*YOUR TASK*
Reproduce the data exactly, leaving nothing out.

———

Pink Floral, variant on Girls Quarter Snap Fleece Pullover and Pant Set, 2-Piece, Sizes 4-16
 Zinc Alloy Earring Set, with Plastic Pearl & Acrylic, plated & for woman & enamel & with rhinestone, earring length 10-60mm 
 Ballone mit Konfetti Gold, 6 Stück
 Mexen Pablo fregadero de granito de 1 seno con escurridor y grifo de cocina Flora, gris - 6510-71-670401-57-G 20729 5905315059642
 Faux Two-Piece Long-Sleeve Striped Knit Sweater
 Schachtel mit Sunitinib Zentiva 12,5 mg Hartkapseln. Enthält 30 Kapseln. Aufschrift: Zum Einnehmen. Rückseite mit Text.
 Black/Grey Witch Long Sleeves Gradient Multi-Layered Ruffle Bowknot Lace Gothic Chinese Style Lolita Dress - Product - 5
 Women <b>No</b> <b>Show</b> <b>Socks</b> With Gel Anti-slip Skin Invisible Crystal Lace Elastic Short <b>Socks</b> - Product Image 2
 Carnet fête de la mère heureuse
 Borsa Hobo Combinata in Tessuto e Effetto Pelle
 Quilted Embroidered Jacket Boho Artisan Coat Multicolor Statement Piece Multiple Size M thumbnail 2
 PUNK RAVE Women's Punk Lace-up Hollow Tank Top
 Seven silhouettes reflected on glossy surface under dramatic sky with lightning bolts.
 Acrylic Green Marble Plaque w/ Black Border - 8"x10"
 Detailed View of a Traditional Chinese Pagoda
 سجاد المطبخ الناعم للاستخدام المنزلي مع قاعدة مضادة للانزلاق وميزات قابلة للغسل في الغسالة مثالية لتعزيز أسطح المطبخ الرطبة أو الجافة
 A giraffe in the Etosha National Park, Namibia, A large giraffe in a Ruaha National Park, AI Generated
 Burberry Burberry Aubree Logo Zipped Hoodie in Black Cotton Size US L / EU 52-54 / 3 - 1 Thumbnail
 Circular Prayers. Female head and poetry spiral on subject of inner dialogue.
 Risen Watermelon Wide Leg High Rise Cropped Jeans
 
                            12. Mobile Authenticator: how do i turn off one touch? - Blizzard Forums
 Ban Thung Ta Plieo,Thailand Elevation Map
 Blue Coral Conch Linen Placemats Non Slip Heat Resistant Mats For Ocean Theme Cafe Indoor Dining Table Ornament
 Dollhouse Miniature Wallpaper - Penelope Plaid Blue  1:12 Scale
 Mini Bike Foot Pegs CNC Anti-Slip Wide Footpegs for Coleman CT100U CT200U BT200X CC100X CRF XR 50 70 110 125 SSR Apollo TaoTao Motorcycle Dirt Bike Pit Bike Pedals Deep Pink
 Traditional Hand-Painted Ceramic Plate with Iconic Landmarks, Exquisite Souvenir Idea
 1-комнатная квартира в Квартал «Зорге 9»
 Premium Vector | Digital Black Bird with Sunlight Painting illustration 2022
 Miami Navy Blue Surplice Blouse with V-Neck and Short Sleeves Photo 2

———

*OUTPUT FOR THIS TASK*
Pink Floral, variant on Girls Quarter Snap Fleece Pullover and Pant Set, 2-Piece, Sizes 4-16
 Zinc Alloy Earring Set, with Plastic Pearl & Acrylic, plated & for woman & enamel & with rhinestone, earring length 10-60mm 
 Ballone mit Konfetti Gold, 6 Stück
 Mexen Pablo fregadero de granito de 1 seno con escurridor y grifo de cocina Flora, gris - 6510-71-670401-57-G 20729 5905315059642
 Faux Two-Piece Long-Sleeve Striped Knit Sweater
 Schachtel mit Sunitinib Zentiva 12,5 mg Hartkapseln. Enthält 30 Kapseln. Aufschrift: Zum Einnehmen. Rückseite mit Text.
 Black/Grey Witch Long Sleeves Gradient Multi-Layered Ruffle Bowknot Lace Gothic Chinese Style Lolita Dress - Product - 5
 Women <b>No</b> <b>Show</b> <b>Socks</b> With Gel Anti-slip Skin Invisible Crystal Lace Elastic Short <b>Socks</b> - Product Image 2
 Carnet fête de la mère heureuse
 Borsa Hobo Combinata in Tessuto e Effetto Pelle
 Quilted Embroidered Jacket Boho Artisan Coat Multicolor Statement Piece Multiple Size M thumbnail 2
 PUNK RAVE Women's Punk Lace-up Hollow Tank Top
 Seven silhouettes reflected on glossy surface under dramatic sky with lightning bolts.
 Acrylic Green Marble Plaque w/ Black Border - 8"x10"
 Detailed View of a Traditional Chinese Pagoda
 سجاد المطبخ الناعم للاستخدام المنزلي مع قاعدة مضادة للانزلاق وميزات قابلة للغسل في الغسالة مثالية لتعزيز أسطح المطبخ الرطبة أو الجافة
 A giraffe in the Etosha National Park, Namibia, A large giraffe in a Ruaha National Park, AI Generated
 Burberry Burberry Aubree Logo Zipped Hoodie in Black Cotton Size US L / EU 52-54 / 3 - 1 Thumbnail
 Circular Prayers. Female head and poetry spiral on subject of inner dialogue.
 Risen Watermelon Wide Leg High Rise Cropped Jeans
 
                            12. Mobile Authenticator: how do i turn off one touch? - Blizzard Forums
 Ban Thung Ta Plieo,Thailand Elevation Map
 Blue Coral Conch Linen Placemats Non Slip Heat Resistant Mats For Ocean Theme Cafe Indoor Dining Table Ornament
 Dollhouse Miniature Wallpaper - Penelope Plaid Blue  1:12 Scale
 Mini Bike Foot Pegs CNC Anti-Slip Wide Footpegs for Coleman CT100U CT200U BT200X CC100X CRF XR 50 70 110 125 SSR Apollo TaoTao Motorcycle Dirt Bike Pit Bike Pedals Deep Pink
 Traditional Hand-Painted Ceramic Plate with Iconic Landmarks, Exquisite Souvenir Idea
 1-комнатная квартира в Квартал «Зорге 9»
 Premium Vector | Digital Black Bird with Sunlight Painting illustration 2022
 Miami Navy Blue Surplice Blouse with V-Neck and Short Sleeves Photo 2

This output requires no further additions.